Le Directeur du Parquet quant à lui avait pour fonction d’engager, entreprendre ou mener les poursuites pénales prescrites par la loi ou ordonnées dans une affaire spécifique par l’Attorney General). Comme indiqué plus haut, le ministère public est placé sous l’autorité du Ministre de la Justice, Garde des Sceaux.
 
A cet égard, le Ministre de la Justice peut dénoncer au Procureur Général près la Cour d’Appel les infractions à la loi pénale dont il a connaissance, lui enjoindre d’engager ou de faire engager des poursuites judiciaires, de saisir la juridiction compétente des réquisitions écrites que le Ministre juge opportunes. 
 
Le Ministre de la Justice peut alors adresser des injonctions à tous les magistrats du Parquet en utilisant le relais du Procureur Général près la Cour d’Appel.
 
Il ne peut s’adresser directement au Procureur de la République.
 
Le Procureur Général près la Cour d’Appel a un pouvoir de direction sur les Avocats Généraux, les Substituts Généraux et les Procureurs de la République de son ressort.
 
Le Procureur de la République a le même droit sur ses Substituts et sur les Officiers de Police Judiciaire de son ressort.
 
Les Procureurs Généraux près les Cours d’Appel ne sont pas subordonnés hiérarchiquement au Procureur Général près la Cour Suprême mais au Ministre de la Justice, Garde des Sceaux. 
 
Enfin la subordination hiérarchique signifie aussi l’obligation pour les subordonnés d’informer leur supérieur : le Procureur de la République rend compte au Procureur Général des affaires importantes « appelées affaires signalées » tandis que le Procureur Général lui-même en informe le Ministre de la Justice, Garde des Sceaux. 
 
Cette subordination hiérarchique comporte cependant une limite.
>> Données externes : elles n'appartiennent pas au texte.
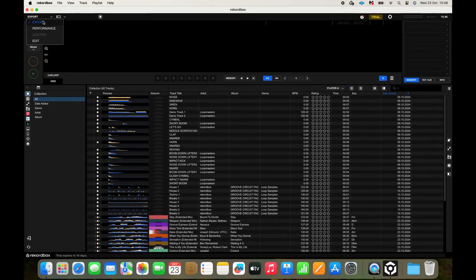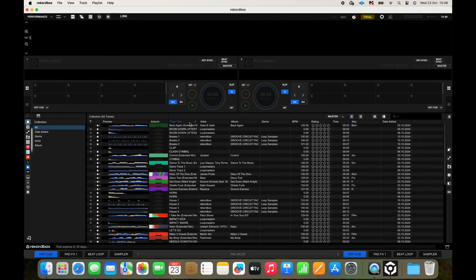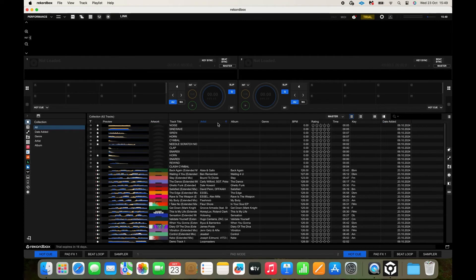Navigate through the Rekordbox menus by clicking their corresponding icons. In the collection, you can sort your tracks the way you like.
Elle est tempérée par le vieil adage suivant « la plume est serve, mais la parole est libre ». C’est un principe selon lequel les membres du Parquet doivent prendre par écrit des réquisitions conformes aux instructions reçues de leurs supérieurs hiérarchiques mais ils sont libres, à l’audience, de développer oralement des conclusions différentes de ces mêmes instructions, à condition d’en aviser préalablement leurs chefs.
 
Le Parquet Général de la Cour Suprême comprend :
 
- le Procureur Général ;
 
- le Premier Avocat Général ;
 
- les Avocats Généraux.
 
Les fonctions du Ministère Public près la Cour Suprême sont exercées par le Procureur Général et, sous son autorité, par le Premier Avocat Général et les Avocats Généraux.
 
Le Procureur Général est chargé de la gestion des départs en congé, notation, proposition à l’avancement des Magistrats du Parquet Général de la Cour Suprême ainsi que du personnel non magistrat relevant dudit Parquet.
 
Le Procureur Général affecte le Premier Avocat Général et les Avocats Généraux aux différentes Chambres.
 
En cas d’empêchement du Procureur Général, il est suppléé par le Premier Avocat Général.
 
En cas d’empêchement du Premier Avocat Général, il est suppléé par l’Avocat Général le plus ancien dans le grade le plus élevé ; en cas d’égalité d’ancienneté de deux Avocats Généraux, ils sont départagés au privilège de l’âge.
 
Dans les causes importantes, les conclusions de l’Avocat Général sont communiquées au Procureur Général.
 
Le Procureur Général peut, s’il l’estime opportun, désigner, pour représenter le Ministère Public à l’audience, un autre Avocat Général ou porter lui-même la parole à cette audience.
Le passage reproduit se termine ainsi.